In estrema sintesi la diffida, contravvenendo alla logica della nozione amministrativa, a causa dei limiti del sistema di tutela amministrativa di cui sopra e tenuto conto dell’inefficienza della giustizia ordinaria italiana, ha il sapore di vera e propria condanna come dicevamo.
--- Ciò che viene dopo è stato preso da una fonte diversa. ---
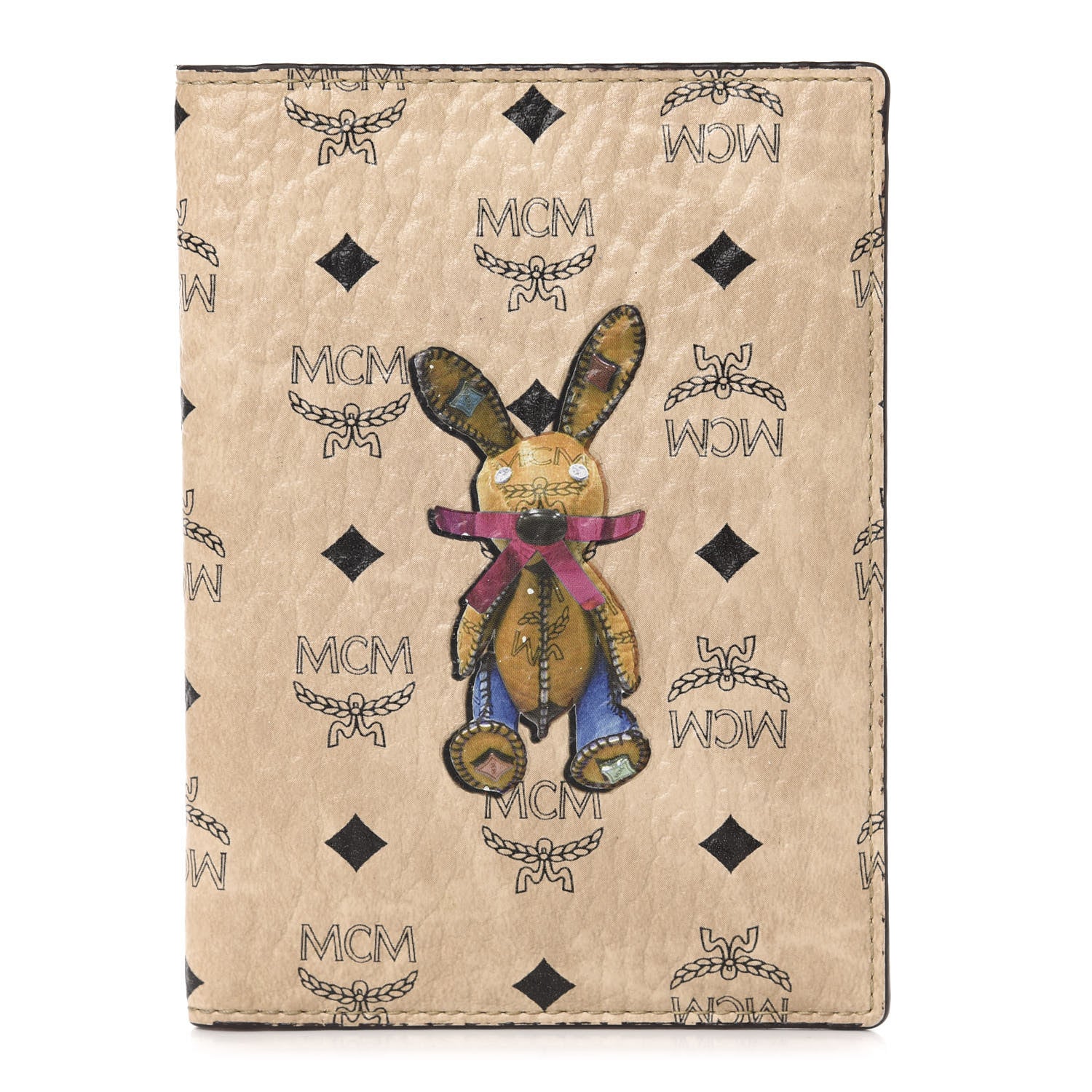 MCM Visetos Rabbit Passport Holder Beige 1 of 7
Il tema dell’ordine pubblico, insomma, non può essere risolto attraverso logiche perverse che anziché punire il presunto responsabile sulla base di prove concrete e reali, sono costruite su semplici indizi, frutto spesso di pregiudizi ideologici. La questione andrebbe affrontata con un approccio più costruttivo e soprattutto aderente al garantismo invocato da tutti ma mai applicato al mondo delle curve. Viviamo in un paese dove a coloro ai quali viene concessa la possibilità di seguire la propria squadra in trasferta pende la spada di Damocle della diffida, che diviene lo strumento punitivo anche per nascondere le negligenze di un servizio d’ordine spesso superficiale e approssimativo, incapace alla prova dei fatti di prevenire episodi di cronaca anche per eventi sportivi di minore importanza. Infatti, ci chiediamo come possano centinaia di tifosi essere riusciti ad arrivare a contatto fra loro senza che a monte vi fosse una falla nel servizio d’ordine? Non vogliamo rubare il mestiere a nessuno, meno che mai alle forze dell’ordine, quello che vogliamo dire è che la diffida, dovrebbe essere l’estrema ratio e non lo strumento principe per risolvere il problema della violenza negli stadi. Che poi nemmeno risolve ma serve solo per offrire nutrimento e agnelli sacrificali alla pancia dell’opinione pubblica.

Abbiamo, infine, un quesito, irrisolto: se è vero che i responsabili di fatti di cronaca pagano con la diffida per le proprie azioni, come mai i tutori dell’ordine pubblico non pagano per l’incapacità, spesso manifesta, del loro operato?